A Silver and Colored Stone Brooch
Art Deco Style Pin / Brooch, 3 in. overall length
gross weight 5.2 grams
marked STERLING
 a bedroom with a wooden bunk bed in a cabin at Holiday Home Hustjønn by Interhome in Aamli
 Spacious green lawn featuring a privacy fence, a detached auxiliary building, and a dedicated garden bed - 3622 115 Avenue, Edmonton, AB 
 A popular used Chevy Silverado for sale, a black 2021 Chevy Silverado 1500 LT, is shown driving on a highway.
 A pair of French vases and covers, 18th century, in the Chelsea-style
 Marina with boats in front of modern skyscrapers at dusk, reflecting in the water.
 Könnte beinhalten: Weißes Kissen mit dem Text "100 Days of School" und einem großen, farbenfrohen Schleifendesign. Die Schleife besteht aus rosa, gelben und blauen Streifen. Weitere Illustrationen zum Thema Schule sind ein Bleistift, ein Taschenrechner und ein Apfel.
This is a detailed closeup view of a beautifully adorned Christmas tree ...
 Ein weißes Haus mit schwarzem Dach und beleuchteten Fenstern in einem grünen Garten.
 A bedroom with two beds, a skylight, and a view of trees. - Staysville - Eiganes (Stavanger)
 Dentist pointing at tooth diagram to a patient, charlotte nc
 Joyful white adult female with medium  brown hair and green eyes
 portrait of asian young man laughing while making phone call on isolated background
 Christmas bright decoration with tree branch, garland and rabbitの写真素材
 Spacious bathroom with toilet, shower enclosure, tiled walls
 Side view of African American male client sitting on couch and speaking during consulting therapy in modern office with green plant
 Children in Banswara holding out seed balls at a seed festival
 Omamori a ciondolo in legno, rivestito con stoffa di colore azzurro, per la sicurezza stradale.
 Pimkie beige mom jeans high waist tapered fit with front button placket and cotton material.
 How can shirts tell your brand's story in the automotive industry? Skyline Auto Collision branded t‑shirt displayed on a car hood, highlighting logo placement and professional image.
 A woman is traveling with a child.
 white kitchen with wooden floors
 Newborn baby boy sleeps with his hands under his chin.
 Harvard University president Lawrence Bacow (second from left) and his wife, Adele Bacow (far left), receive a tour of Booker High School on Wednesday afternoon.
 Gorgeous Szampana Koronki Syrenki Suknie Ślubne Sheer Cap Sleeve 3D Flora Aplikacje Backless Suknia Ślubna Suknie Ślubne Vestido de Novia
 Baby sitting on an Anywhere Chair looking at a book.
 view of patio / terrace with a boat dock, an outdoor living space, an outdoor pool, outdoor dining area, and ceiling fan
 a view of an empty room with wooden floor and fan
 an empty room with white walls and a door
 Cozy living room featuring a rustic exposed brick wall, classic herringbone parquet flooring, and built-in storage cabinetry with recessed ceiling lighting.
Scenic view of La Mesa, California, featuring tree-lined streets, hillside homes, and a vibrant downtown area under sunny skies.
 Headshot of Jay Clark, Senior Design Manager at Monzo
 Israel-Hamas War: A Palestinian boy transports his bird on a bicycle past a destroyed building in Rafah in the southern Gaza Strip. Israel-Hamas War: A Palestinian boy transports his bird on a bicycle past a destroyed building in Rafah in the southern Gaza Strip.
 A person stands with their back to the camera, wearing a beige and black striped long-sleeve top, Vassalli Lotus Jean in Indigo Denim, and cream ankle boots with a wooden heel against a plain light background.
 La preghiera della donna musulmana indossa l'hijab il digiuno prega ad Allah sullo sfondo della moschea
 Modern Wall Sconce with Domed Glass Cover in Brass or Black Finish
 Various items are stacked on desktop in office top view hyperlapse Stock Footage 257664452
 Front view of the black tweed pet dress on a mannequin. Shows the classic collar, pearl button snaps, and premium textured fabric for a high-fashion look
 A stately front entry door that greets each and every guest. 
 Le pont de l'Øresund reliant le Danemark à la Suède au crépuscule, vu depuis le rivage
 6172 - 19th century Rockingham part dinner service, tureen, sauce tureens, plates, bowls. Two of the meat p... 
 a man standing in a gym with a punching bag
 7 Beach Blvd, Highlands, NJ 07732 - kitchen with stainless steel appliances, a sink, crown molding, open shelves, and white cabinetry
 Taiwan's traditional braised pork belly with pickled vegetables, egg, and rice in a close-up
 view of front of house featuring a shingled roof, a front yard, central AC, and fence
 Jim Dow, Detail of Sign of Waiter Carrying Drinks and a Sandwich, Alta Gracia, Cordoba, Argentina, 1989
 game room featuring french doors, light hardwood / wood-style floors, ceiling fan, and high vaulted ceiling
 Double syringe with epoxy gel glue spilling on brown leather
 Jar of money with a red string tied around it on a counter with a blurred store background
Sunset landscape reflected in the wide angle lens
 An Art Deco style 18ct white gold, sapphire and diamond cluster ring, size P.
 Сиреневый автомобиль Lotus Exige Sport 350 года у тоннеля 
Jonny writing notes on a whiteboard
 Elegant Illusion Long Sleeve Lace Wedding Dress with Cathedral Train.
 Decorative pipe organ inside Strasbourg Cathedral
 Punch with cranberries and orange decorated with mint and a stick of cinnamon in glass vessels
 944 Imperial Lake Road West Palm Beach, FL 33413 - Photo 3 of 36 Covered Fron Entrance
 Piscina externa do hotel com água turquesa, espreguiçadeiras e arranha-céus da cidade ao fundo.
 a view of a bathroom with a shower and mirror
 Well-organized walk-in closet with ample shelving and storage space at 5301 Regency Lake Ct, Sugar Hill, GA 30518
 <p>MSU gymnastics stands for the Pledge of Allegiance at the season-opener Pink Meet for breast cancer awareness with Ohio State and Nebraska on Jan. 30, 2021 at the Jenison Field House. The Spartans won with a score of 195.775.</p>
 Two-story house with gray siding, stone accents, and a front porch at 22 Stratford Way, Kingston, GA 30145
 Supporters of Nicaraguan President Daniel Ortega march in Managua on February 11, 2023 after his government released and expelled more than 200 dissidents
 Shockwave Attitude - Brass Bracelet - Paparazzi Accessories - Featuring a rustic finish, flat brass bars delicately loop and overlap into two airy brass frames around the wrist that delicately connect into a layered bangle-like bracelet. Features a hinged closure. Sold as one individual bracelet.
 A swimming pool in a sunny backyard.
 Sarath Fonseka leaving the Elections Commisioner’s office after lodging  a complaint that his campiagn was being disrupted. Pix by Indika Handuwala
******************************
**INSTRUCTIONS FOR THE TASK**
Every line above from the line with "This is a detailed" to the line with "A bedroom with two", both included, must be reproduced exactly, and no other line may appear.

**FINISHED TASK**
This is a detailed closeup view of a beautifully adorned Christmas tree ...
 Ein weißes Haus mit schwarzem Dach und beleuchteten Fenstern in einem grünen Garten.
 A bedroom with two beds, a skylight, and a view of trees. - Staysville - Eiganes (Stavanger)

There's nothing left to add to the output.